Problem description: Unless it is a picture, every line from the start of the entries through the line with "ХОНДА АКОРД, снимка" must be retyped exactly.

[[ Record set open ]]

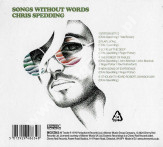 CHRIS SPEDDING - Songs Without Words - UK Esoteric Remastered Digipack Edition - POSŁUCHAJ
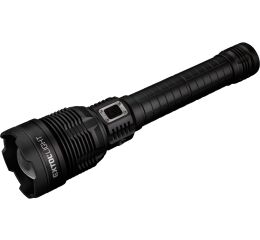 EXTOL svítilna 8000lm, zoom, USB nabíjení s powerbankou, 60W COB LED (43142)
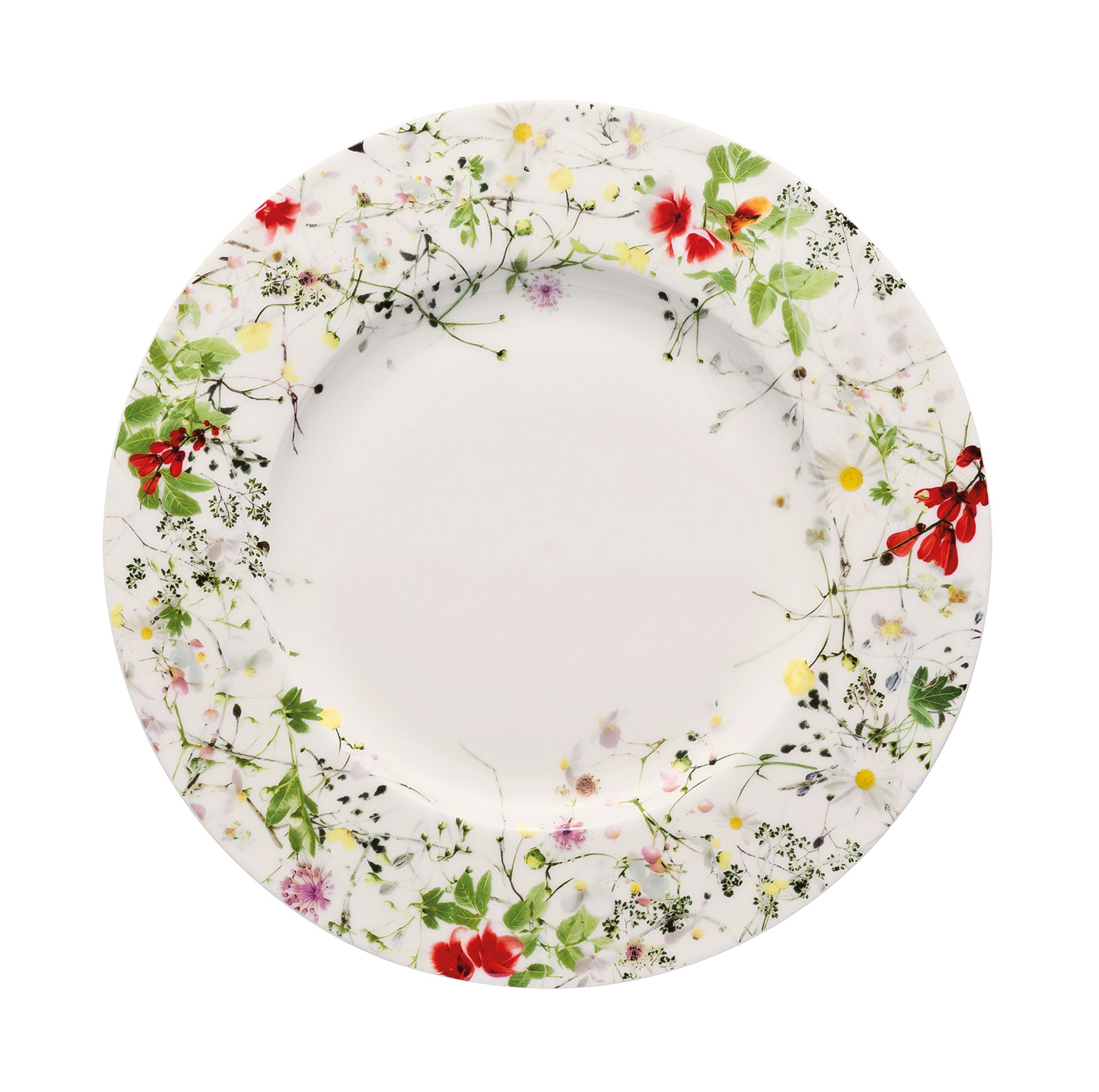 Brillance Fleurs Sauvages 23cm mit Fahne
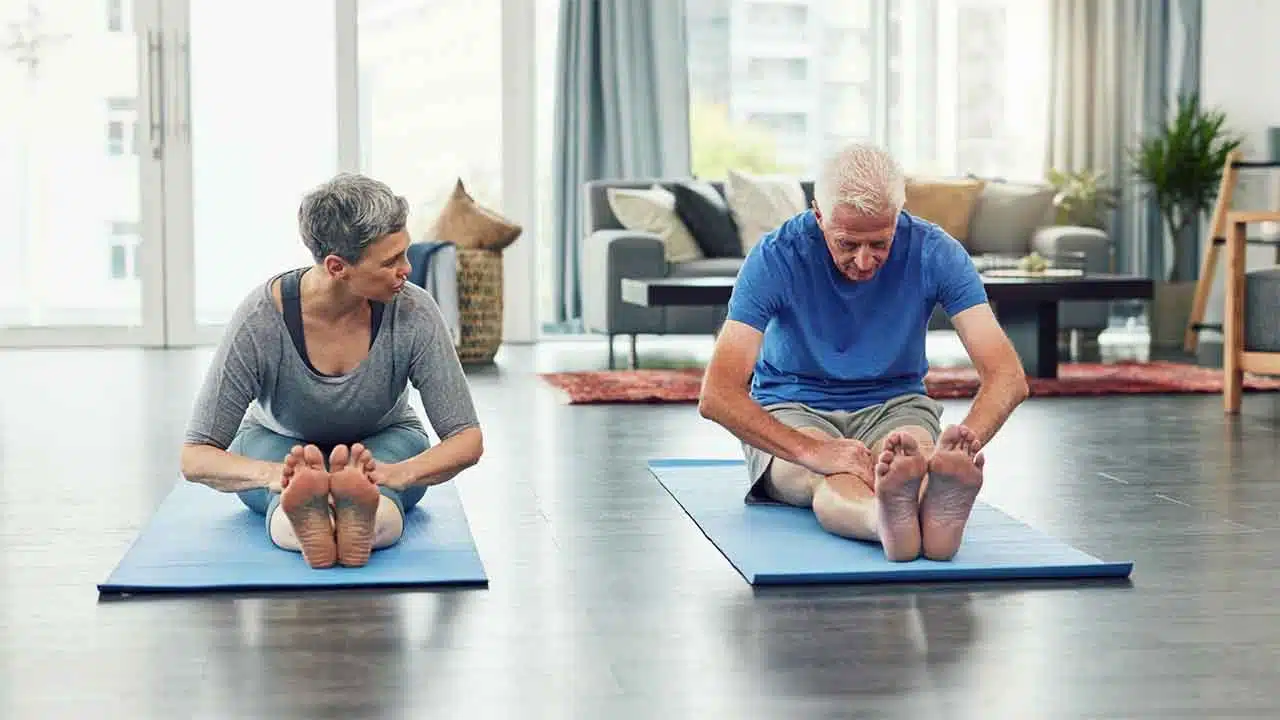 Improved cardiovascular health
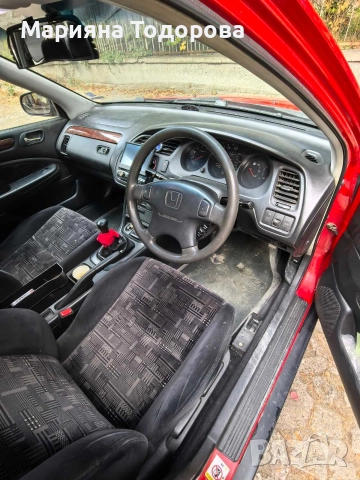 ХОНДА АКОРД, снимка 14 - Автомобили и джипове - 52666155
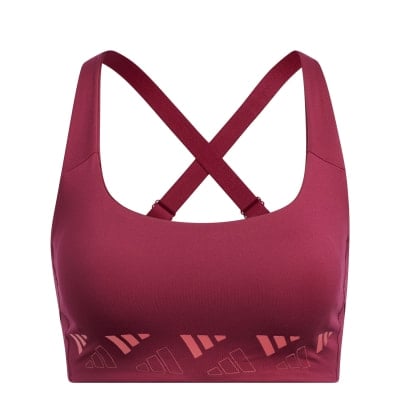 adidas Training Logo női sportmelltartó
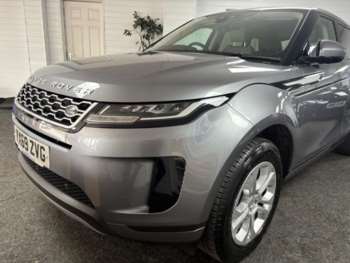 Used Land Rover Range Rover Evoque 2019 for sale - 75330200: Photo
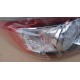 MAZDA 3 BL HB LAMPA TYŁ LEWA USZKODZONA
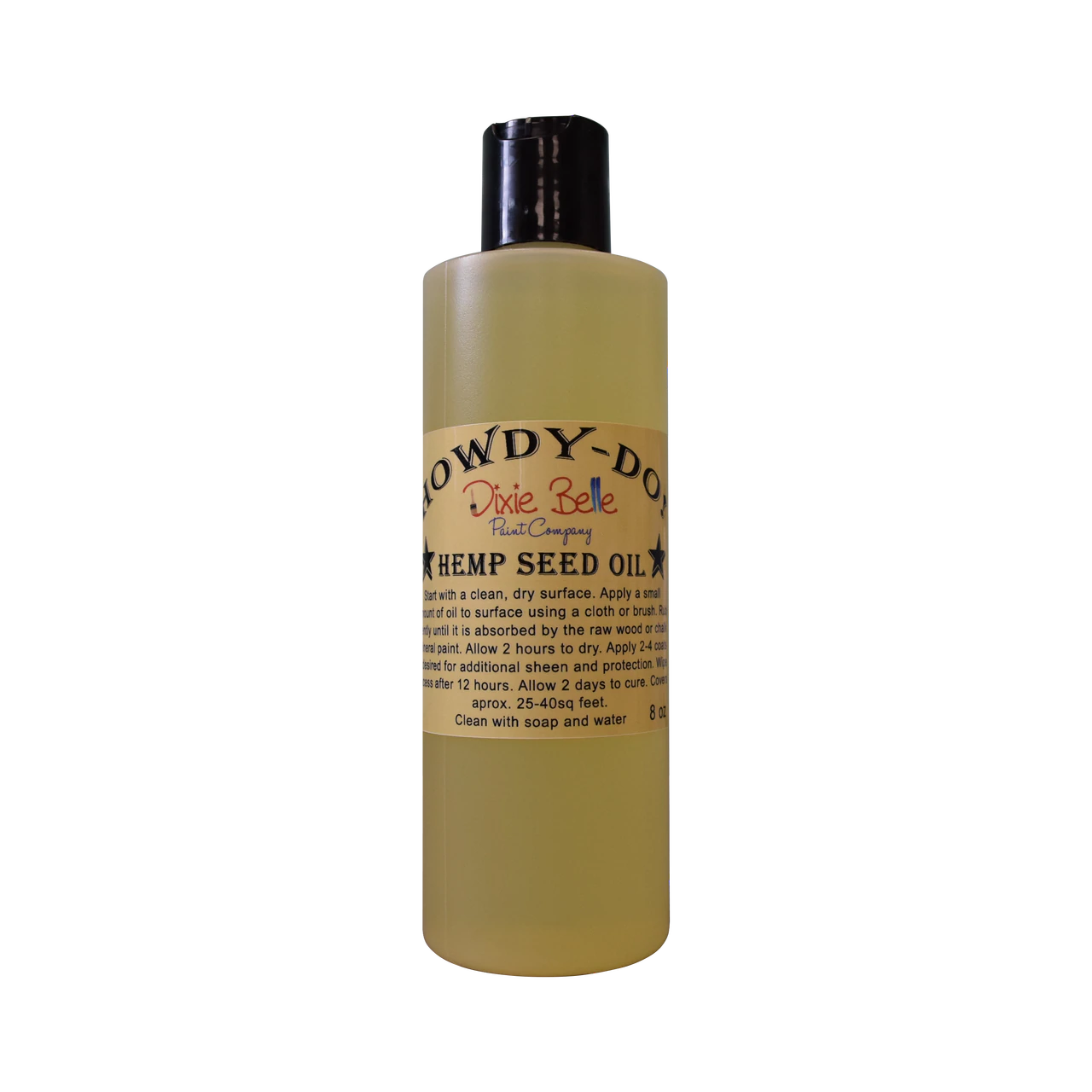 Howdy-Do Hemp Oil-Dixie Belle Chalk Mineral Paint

[[ Record set closed ]]

Output of the exercise:
 CHRIS SPEDDING - Songs Without Words - UK Esoteric Remastered Digipack Edition - POSŁUCHAJ
 EXTOL svítilna 8000lm, zoom, USB nabíjení s powerbankou, 60W COB LED (43142)
 Brillance Fleurs Sauvages 23cm mit Fahne
 Improved cardiovascular health
 ХОНДА АКОРД, снимка 14 - Автомобили и джипове - 52666155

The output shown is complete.